Tohoku J Exp Med. 2015 Jul;236(3):219-24. doi: 10.1620/tjem.236.219.
Vitamin D is a potential protective agent against cancer, and its activity is mediated mainly by vitamin D receptor (VDR). The FokI polymorphism (rs10735810) represents a T-to-C transition (ATG to ACG) in exon 2 of the VDR gene, and this ATG represents the translation-initiation codon, encoded by the f allele. The FokI polymorphism results in the generation of a protein shortened by three amino acids, translated from the downstream ATG codon (the F allele). We investigated the relationship between the FokI polymorphism and gastric cancer in a Chinese Han population. A total of 187 patients and 212 healthy controls were enrolled. The FokI polymorphism was detected by polymerase chain reaction restriction fragment length polymorphism (PCR-RFLP) analysis.
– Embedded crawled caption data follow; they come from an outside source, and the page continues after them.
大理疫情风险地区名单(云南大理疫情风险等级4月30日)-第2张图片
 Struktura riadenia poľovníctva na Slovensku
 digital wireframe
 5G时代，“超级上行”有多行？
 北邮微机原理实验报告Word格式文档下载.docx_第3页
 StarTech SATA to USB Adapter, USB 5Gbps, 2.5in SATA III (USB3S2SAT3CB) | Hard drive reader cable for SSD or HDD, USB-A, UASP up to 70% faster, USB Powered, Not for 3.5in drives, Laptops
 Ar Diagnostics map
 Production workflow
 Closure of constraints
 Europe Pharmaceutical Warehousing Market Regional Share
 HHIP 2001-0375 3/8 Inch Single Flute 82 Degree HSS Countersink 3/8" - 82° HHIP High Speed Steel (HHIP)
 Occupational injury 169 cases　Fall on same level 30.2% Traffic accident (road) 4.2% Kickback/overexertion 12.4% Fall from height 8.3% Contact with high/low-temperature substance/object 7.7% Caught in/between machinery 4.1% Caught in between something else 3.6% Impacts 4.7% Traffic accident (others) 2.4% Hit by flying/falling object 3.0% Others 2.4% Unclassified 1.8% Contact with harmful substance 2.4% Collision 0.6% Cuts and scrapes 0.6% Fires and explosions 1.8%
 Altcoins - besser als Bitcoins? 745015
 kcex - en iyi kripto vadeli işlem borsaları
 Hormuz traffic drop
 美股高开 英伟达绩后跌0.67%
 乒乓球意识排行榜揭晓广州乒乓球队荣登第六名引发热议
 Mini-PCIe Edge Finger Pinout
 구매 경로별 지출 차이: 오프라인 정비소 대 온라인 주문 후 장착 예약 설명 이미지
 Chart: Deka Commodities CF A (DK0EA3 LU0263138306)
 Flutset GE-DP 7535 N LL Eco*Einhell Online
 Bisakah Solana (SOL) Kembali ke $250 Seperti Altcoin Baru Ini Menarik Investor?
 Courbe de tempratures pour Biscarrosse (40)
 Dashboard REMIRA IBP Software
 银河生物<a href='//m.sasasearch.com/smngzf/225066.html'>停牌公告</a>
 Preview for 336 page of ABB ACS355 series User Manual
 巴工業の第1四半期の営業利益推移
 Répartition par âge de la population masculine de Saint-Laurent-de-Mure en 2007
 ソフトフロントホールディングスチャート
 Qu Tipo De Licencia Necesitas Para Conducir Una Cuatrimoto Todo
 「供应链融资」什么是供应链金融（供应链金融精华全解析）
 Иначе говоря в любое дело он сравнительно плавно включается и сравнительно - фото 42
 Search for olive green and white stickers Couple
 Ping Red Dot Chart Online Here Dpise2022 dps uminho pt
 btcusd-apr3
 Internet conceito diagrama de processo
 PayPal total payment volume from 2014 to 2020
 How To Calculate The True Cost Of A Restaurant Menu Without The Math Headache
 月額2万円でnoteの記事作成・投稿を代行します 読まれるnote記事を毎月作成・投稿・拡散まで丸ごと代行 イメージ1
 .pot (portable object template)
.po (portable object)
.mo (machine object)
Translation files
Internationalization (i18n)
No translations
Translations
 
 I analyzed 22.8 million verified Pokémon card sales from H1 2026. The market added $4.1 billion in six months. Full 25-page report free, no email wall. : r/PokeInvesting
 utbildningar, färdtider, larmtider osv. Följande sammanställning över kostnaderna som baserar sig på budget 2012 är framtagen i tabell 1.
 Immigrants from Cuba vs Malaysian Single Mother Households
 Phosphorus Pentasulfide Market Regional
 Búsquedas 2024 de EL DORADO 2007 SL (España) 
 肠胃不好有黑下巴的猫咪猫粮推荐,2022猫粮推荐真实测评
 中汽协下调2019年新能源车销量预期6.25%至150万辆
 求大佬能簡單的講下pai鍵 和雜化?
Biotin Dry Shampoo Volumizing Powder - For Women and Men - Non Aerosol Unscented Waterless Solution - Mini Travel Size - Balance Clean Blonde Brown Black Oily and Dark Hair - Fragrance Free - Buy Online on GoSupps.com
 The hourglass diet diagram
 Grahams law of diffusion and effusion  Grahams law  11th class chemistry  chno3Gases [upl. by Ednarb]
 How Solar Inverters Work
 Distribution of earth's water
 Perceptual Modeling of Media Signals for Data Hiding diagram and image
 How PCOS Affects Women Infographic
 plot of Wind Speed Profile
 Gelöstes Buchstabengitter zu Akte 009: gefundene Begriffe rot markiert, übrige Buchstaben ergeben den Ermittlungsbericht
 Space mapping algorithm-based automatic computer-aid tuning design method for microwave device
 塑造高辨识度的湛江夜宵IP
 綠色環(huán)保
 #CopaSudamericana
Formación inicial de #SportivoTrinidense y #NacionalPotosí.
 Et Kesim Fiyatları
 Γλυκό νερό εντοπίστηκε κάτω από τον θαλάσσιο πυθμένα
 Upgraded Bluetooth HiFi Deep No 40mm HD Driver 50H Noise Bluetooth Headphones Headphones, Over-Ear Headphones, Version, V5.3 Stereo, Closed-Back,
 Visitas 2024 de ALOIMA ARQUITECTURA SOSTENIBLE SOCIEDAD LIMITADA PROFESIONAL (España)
The f allele frequency was higher in patients than that in controls (51.6% and 43.6%, P < 0.05). Multivariate logistics regression analysis revealed patients with the f allele (Ff + ff) showed a higher risk of gastric cancer [odds ratio (95% confidence interval) 2.73 (1.13~4.32)]. Patients with the f allele (Ff + ff) also presented a poorly differentiated type of gastric cancer (P < 0.05) and higher levels of C-reactive protein on admission than the FF group (5.5 ± 2.4 mg/L vs. 3.4 ± 1.3 mg/L, P < 0.05). Here, we show an association between the VDR FokI polymorphism and the susceptibility to gastric cancer, which may be helpful for early detection of high-risk individuals with the f allele for gastric cancer. Conversely, the F allele may be a protective factor against gastric cancer.
维生素D是一种潜在的抗癌保护剂,其活性主要由维生素D受体(VDR)介导。FokI多态性(rs10735810)代表VDR基因外显子2中的T到C转换(ATG到ACG),这个ATG代表翻译起始密码子,由f等位基因编码。FokI多态性导致从下游ATG密码子(F等位基因)翻译产生一种缩短了三个氨基酸的蛋白质。我们在中国汉族人群中研究了FokI多态性与胃癌之间的关系。共纳入187例患者和212例健康对照。通过聚合酶链反应-限制性片段长度多态性(PCR-RFLP)分析检测FokI多态性。患者的f等位基因频率高于对照组(51.6%和43.6%,P<0.05)。多因素逻辑回归分析显示,携带f等位基因(Ff+ff)的患者患胃癌的风险更高[比值比(95%置信区间)2.73(1.13~4.32)]。携带f等位基因(Ff+ff)的患者还表现为低分化型胃癌(P<0.05),入院时C反应蛋白水平高于FF组(5.5±2.4mg/L对3.4±1.3mg/L,P<0.05)。在此,我们显示VDR FokI多态性与胃癌易感性之间存在关联,这可能有助于早期检测携带f等位基因的胃癌高危个体。相反,F等位基因可能是胃癌的一个保护因素。